I was told by a very reliable source it is the motors, and I think he said the motors also houses the pinch sensor as well. 

Just a bad batch from the supplier. I think when they order the motor, it comes with the new gears attached if I can remember.


----------



## ridgemanron (Sep 27, 2011)

Babie said:


> I was told by a very reliable source it is the motors, and I think he said the motors also houses the pinch sensor as well.
> 
> Just a bad batch from the supplier. I think when they order the motor, it comes with the new gears attached if I can remember.

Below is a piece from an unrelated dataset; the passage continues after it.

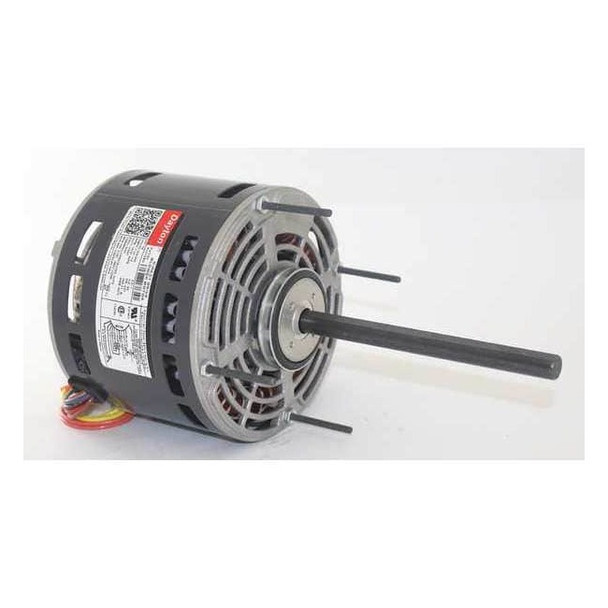 Dayton Direct Drive Blower Motor, 1/6 hp 3LU72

 Must be some large batch! Will see tomorrow when they install my motor, since I was notified 
the part arrived at the dealership on Saturday. Keeping my fingers...and toes crossed, just for 
luck!


----------



## Babie (Jul 22, 2012)

ridgemanron said:


> Must be some large batch! Will see tomorrow when they install my motor, since I was notified
> the part arrived at the dealership on Saturday. Keeping my fingers...and toes crossed, just for
> luck!


 My drivers window is getting worse. Has anyone had 100% failure.


----------



## ridgemanron (Sep 27, 2011)

Heard back via email from ' Window Regulators USA'. He believes the problem has nothing 
to do with regulator but believes software in the computer is not working properly. I assume 
this would be the micro-processor in the motor that my service manager mentioned.


----------



## Babie (Jul 22, 2012)

ridgemanron said:


> Heard back via email from ' Window Regulators USA'. He believes the problem has nothing
> to do with regulator but believes software in the computer is not working properly. I assume
> this would be the micro-processor in the motor that my service manager mentioned.


 Software runs the world, my field, but I think if it were software, they would of had a fast fix if they has good programmers.


----------



## Babie (Jul 22, 2012)

Today, the windows were bad. I am sort of fried with these windows. I went to a drive thru for lunch, and had a heck of a time getting it to go up it just did the nasty thing, you know the up and down for about 5 minutes. Its getting old fast. Never had a car with this Love Hate relationship as this Beetle. Oh made my first payment OUCH....


----------